# [What to work on]
Below are lines of records; copy exactly those from the one containing "If x is not" through the one containing "Now you can", leaving the pictures behind.

------ Data for processing ------

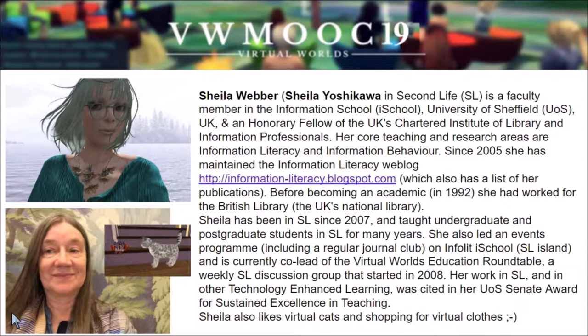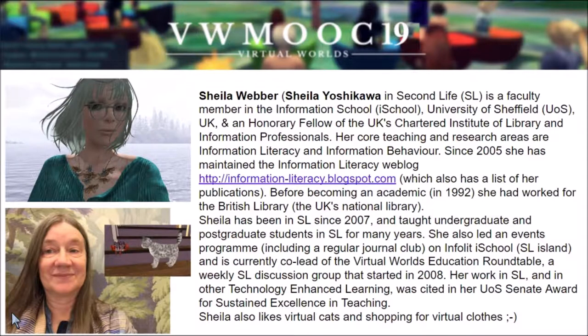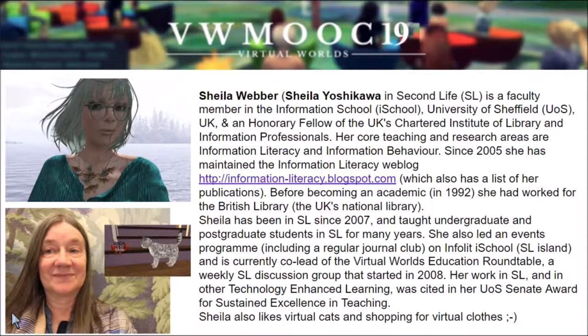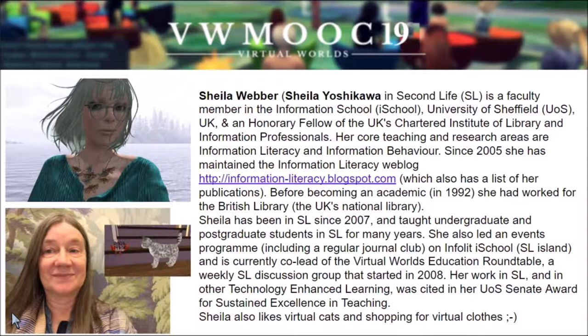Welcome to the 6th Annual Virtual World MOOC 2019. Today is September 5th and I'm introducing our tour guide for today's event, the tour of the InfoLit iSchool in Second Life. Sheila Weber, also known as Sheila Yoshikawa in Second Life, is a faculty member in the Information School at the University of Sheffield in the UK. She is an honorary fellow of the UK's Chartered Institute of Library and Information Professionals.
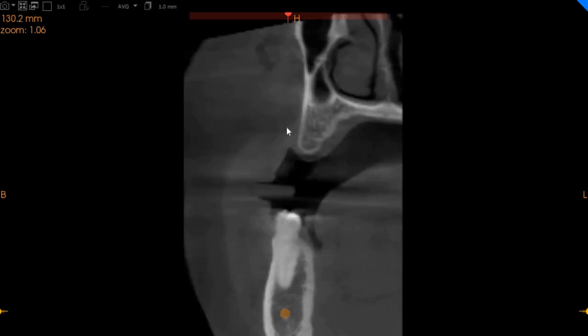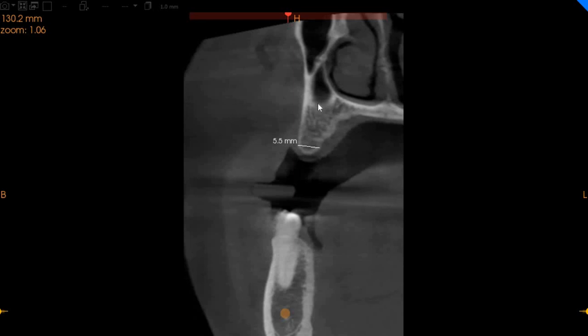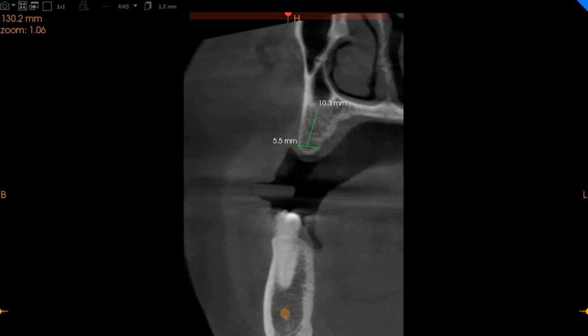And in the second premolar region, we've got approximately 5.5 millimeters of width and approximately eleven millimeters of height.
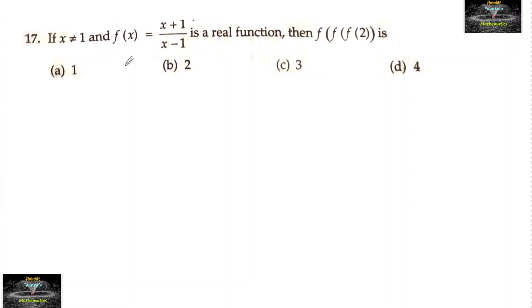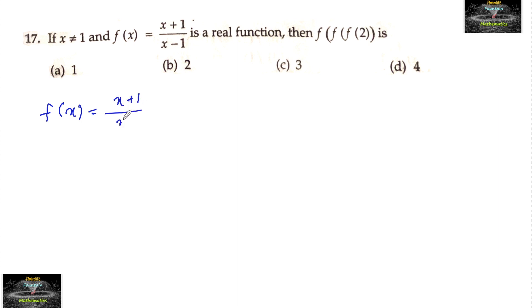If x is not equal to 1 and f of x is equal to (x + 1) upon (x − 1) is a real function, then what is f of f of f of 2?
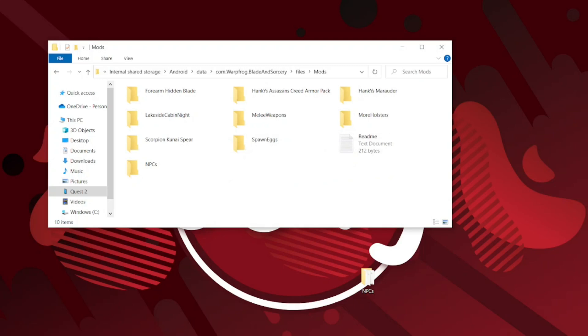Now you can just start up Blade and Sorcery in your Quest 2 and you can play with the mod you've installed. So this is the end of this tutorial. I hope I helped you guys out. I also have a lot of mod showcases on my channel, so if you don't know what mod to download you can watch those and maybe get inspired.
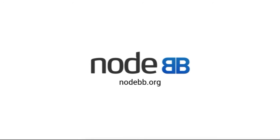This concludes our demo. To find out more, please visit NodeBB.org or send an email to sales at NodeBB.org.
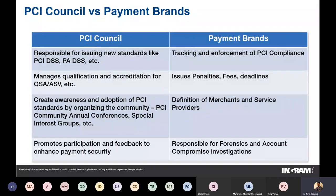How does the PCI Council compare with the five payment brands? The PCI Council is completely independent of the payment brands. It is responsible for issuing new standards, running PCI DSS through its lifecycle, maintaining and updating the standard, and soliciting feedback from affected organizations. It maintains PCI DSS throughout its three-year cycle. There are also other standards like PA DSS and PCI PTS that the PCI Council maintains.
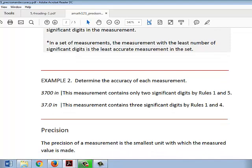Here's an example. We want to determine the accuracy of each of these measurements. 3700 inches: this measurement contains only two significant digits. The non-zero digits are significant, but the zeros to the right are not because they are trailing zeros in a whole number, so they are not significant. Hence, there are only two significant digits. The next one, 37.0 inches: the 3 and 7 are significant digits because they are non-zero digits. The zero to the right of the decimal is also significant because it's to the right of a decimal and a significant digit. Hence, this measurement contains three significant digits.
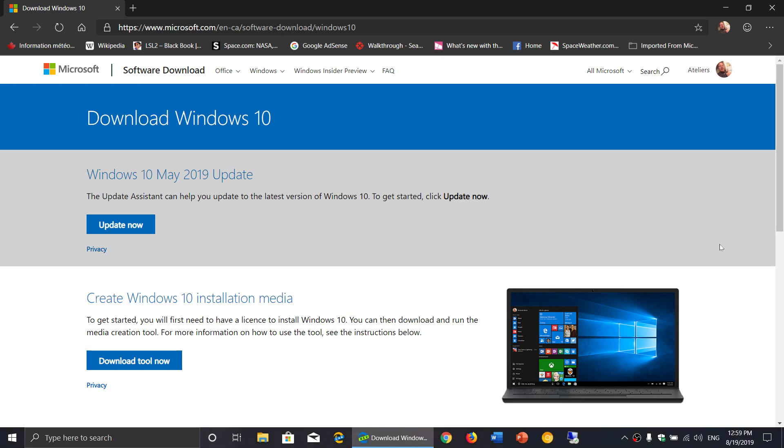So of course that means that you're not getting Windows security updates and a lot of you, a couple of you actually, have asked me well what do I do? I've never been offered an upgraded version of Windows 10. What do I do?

------

# [Answer section]
If x is not equal to 1 and f of x is equal to (x + 1) upon (x − 1) is a real function, then what is f of f of f of 2?
Now you can just start up Blade and Sorcery in your Quest 2 and you can play with the mod you've installed. So this is the end of this tutorial. I hope I helped you guys out. I also have a lot of mod showcases on my channel, so if you don't know what mod to download you can watch those and maybe get inspired.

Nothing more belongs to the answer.